* [Data records]:
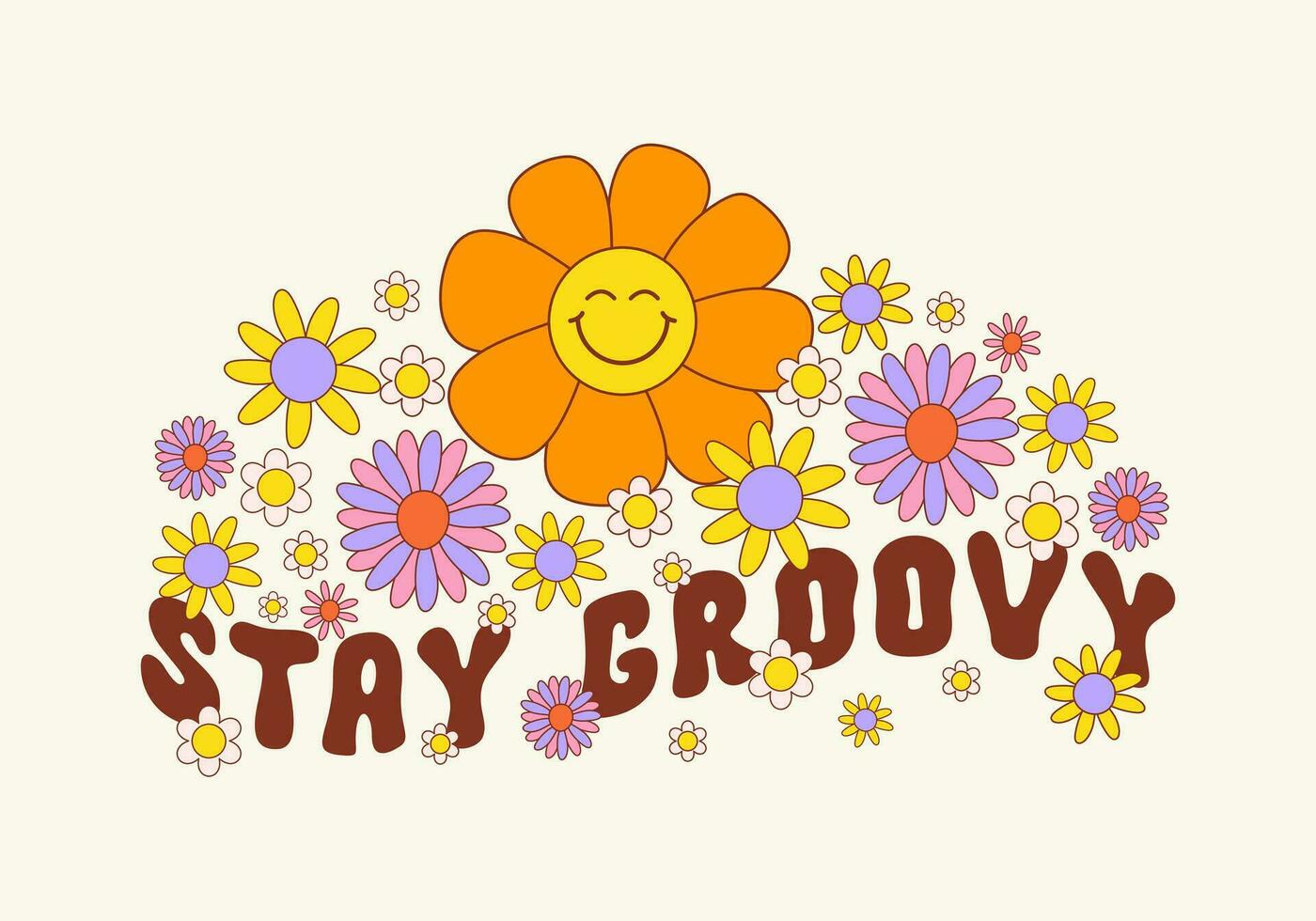 Stay groovy retro hippie design illustration, positive message phrase isolated on a beige background. Horizontal background. Trendy groovy vector print in style 70s, 80s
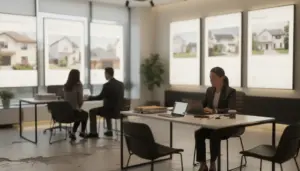 Agence immobilière Human Immobilier, clients et conseiller, ambiance professionnelle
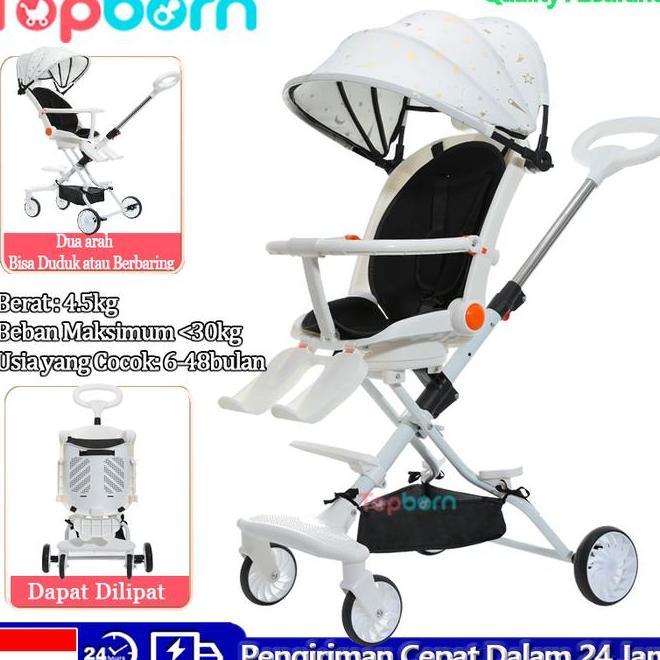 Topborn Stroller Kereta Bayi Dua Arah Bisa Duduk Atau Berbaring Kinerja Biaya Tinggi Roda  Stroller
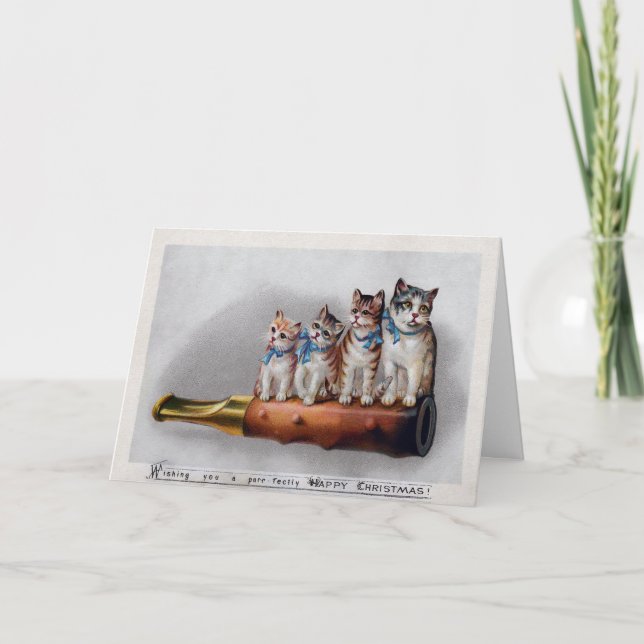 Vintage Victorian Cats Christmas Card (Front)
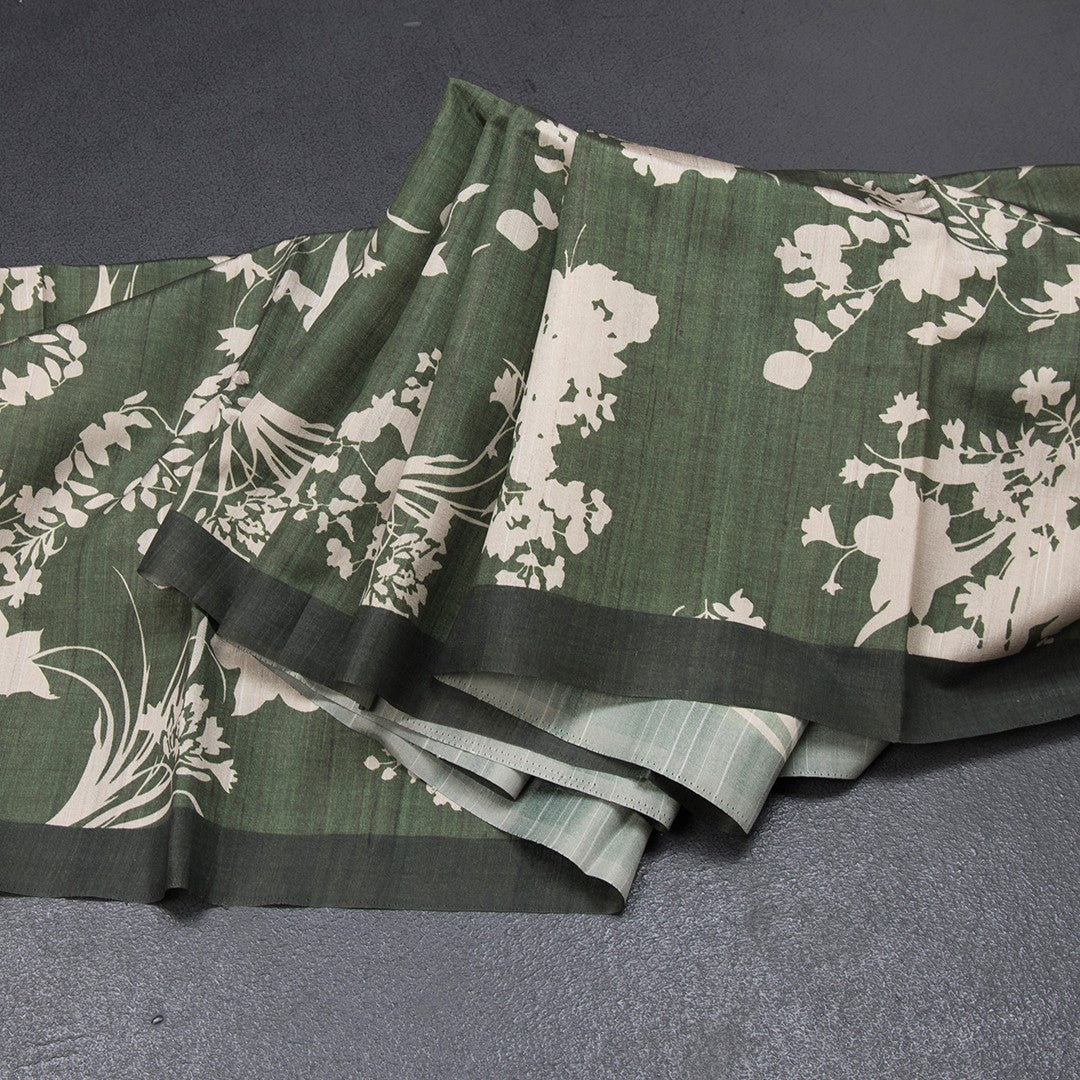 Semi Raw Silk Leaf Green Floral Printed Saree With Ribbon Border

* [Instructions to follow]:
Take the lines from the one holding "Topborn Stroller Kereta" through the last line of the data above and copy them exactly, both ends included, omitting all pictures.

* [Result of the task]:
 Topborn Stroller Kereta Bayi Dua Arah Bisa Duduk Atau Berbaring Kinerja Biaya Tinggi Roda  Stroller
 Vintage Victorian Cats Christmas Card (Front)
 Semi Raw Silk Leaf Green Floral Printed Saree With Ribbon Border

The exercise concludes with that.